● WHAT TO PRODUCE
Your copy should match the records below exactly, except for the pictures.

(Image-caption web data)
******

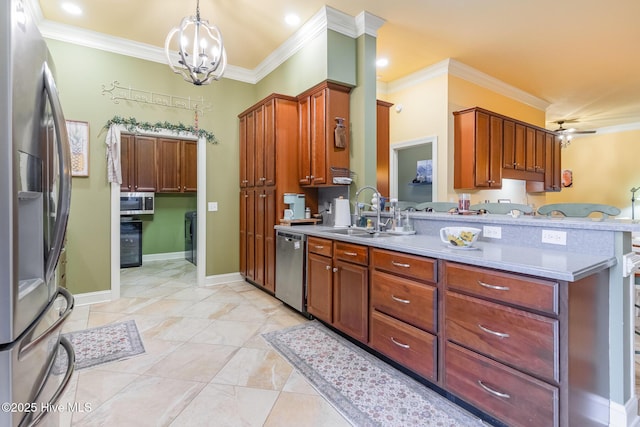 kitchen featuring sink, decorative light fixtures, ornamental molding, and appliances with stainless steel finishes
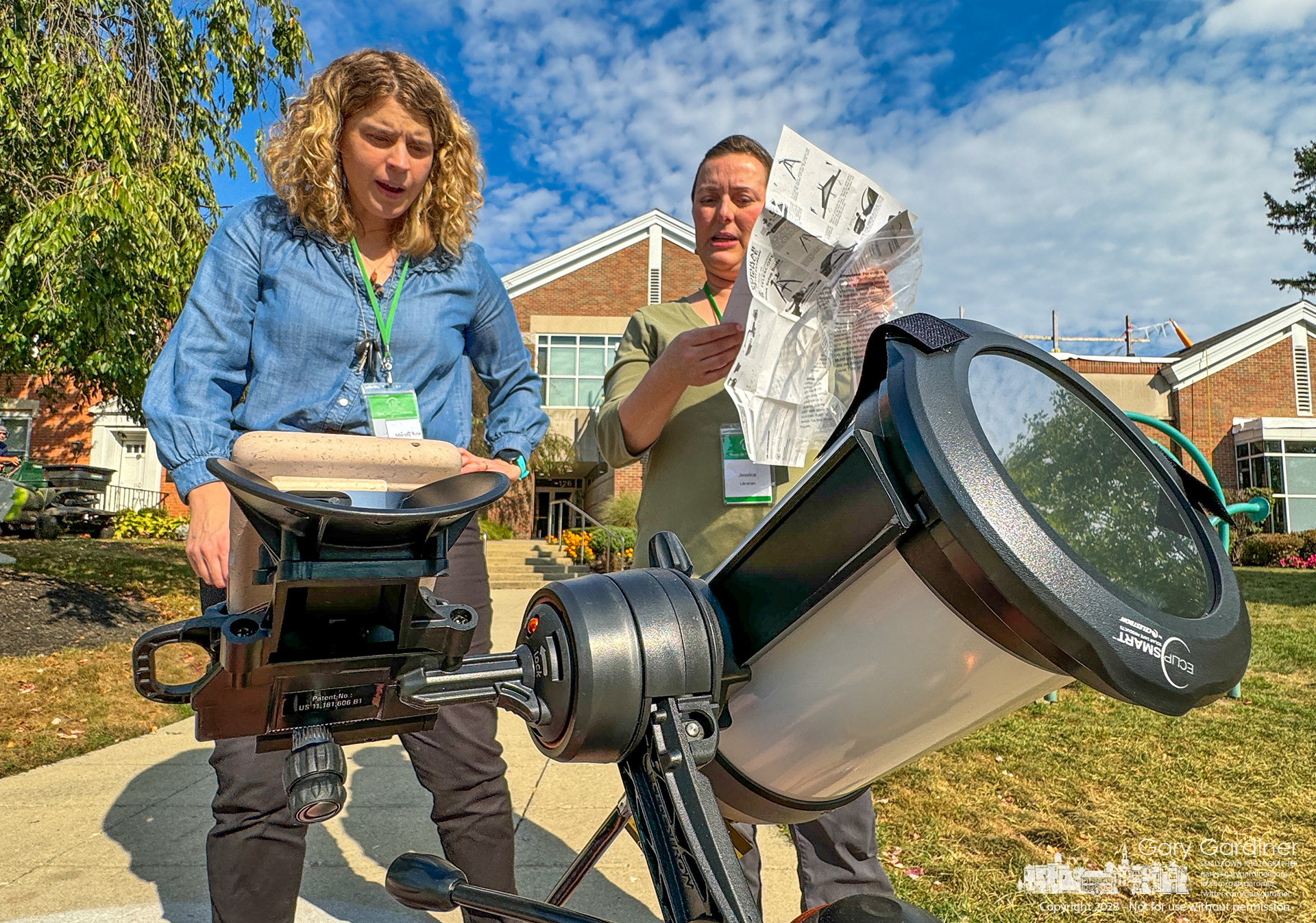 Librarians read the instructions for setting up the Westerville Library's new telescope with an eclipse filter as it prepares for Saturday's partial annular eclipse. My Final Photo for October 12, 2023. https://bit.ly/46s6Qo5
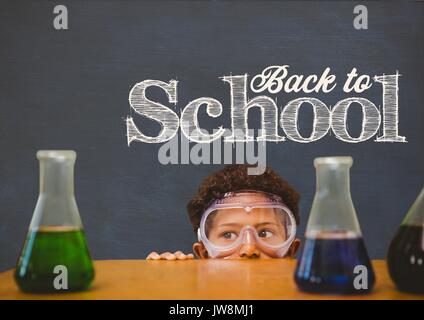 Digital composite of Student boy hiding derrière une table contre le tableau noir bleu avec texte retour à l'école Banque D'Images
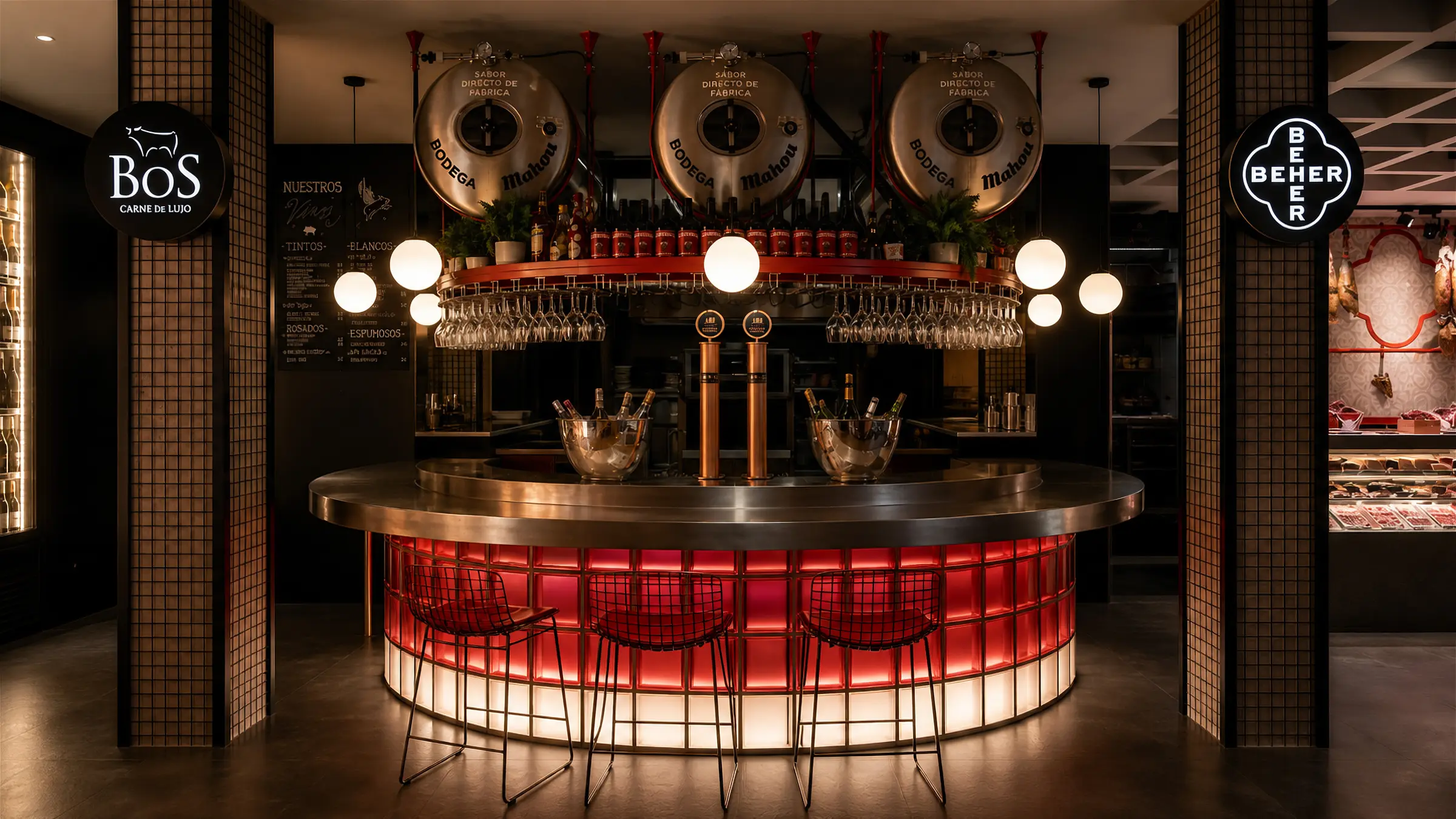 Barra curva iluminada en rojo del proyecto Beher Valladolid de The Loto Lab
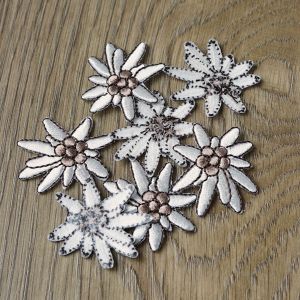 Mehrere Edelweiss Stick-Applikationen zum Aufbügeln (Ø 3 cm) in Offwhite/Braun, locker arrangiert auf einem Holz-Hintergrund. Vorder- und Rückseitenansichten.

******

● REPLY
 kitchen featuring sink, decorative light fixtures, ornamental molding, and appliances with stainless steel finishes
 Librarians read the instructions for setting up the Westerville Library's new telescope with an eclipse filter as it prepares for Saturday's partial annular eclipse. My Final Photo for October 12, 2023. https://bit.ly/46s6Qo5
 Digital composite of Student boy hiding derrière une table contre le tableau noir bleu avec texte retour à l'école Banque D'Images
 Barra curva iluminada en rojo del proyecto Beher Valladolid de The Loto Lab
 Mehrere Edelweiss Stick-Applikationen zum Aufbügeln (Ø 3 cm) in Offwhite/Braun, locker arrangiert auf einem Holz-Hintergrund. Vorder- und Rückseitenansichten.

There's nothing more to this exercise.